At 1:37 PM, Blogger Unknown said...

The best way for adults and kids to "connect" is for them to spend lots of time together. Parents must take responsibility for this. They have to make sacfrices to do this, but it is well worth it. The schools can help, so can the churches, but having functions, but they are infrequent. As a parent you have your kids right there in the house with you. Turn off the TV and the computer and go for a long ride or walk and talk. Hang out. Do nothing. Take command. Don't be afraid of your kids. Keep trying. They will get it after a while.
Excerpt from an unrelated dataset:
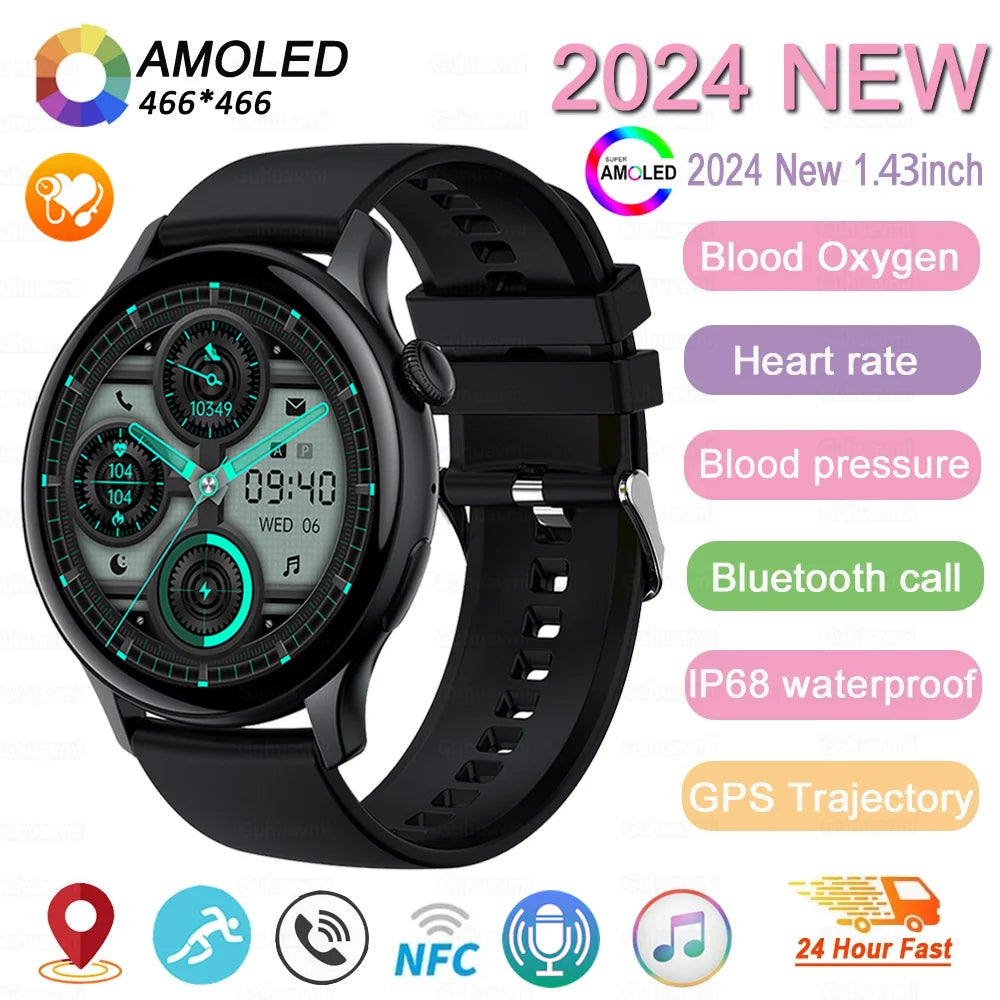 2024 New GPS Smart Watch Women True AMOLED 466*466 HD Screen Health Tracker Sports NFC Voice Bluetooth Call Smartwatches Ladies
At 9:23 AM, Anonymous Anonymous said...

I'm not exactly sure how the death of the Pakistani child fits into your premise that there is a general disconnect between children and adults that may produce dire consequences. While I'm not familiar with the culture that the Pakistani child came from, I would guess that public school and television intrude far less on the family unit than here in the states.
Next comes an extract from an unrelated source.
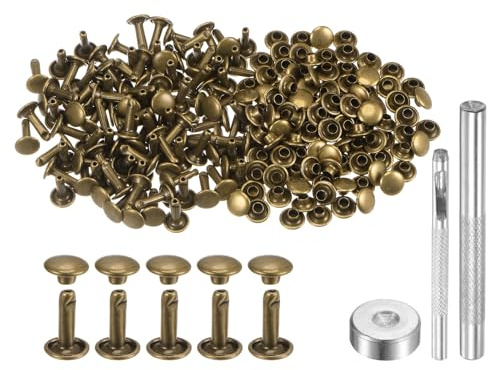 QUARKZMAN Leder Nieten 100 Set Metallniete Doppelkappe 12mm x 8mm Röhrenförmige Hohlnieten Lochzange mit 3 Werkzeug Nietenzange für DIY Handwerk Gürtel Reperatur Dekoration, Bronze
I think it's easy to romanticize the golden ages of nuclear family connectedness, but the reality is that today's American families experience far lower rates of incest, sexual abuse, and domestic violence than in previous generations. I would personally rather face the problem of children experiencing violent tv images than witnessing real violence between family members.

None of this is to minimize the need for children and adults to connect, the need for adults to help children interpret the imagery of a turbulent world, and the need for ethical standards in broadcasting. But the old "things were so much better in yesteryear" saw is simply misleading - and propagandistic in ways that a media watchdog might normally criticize.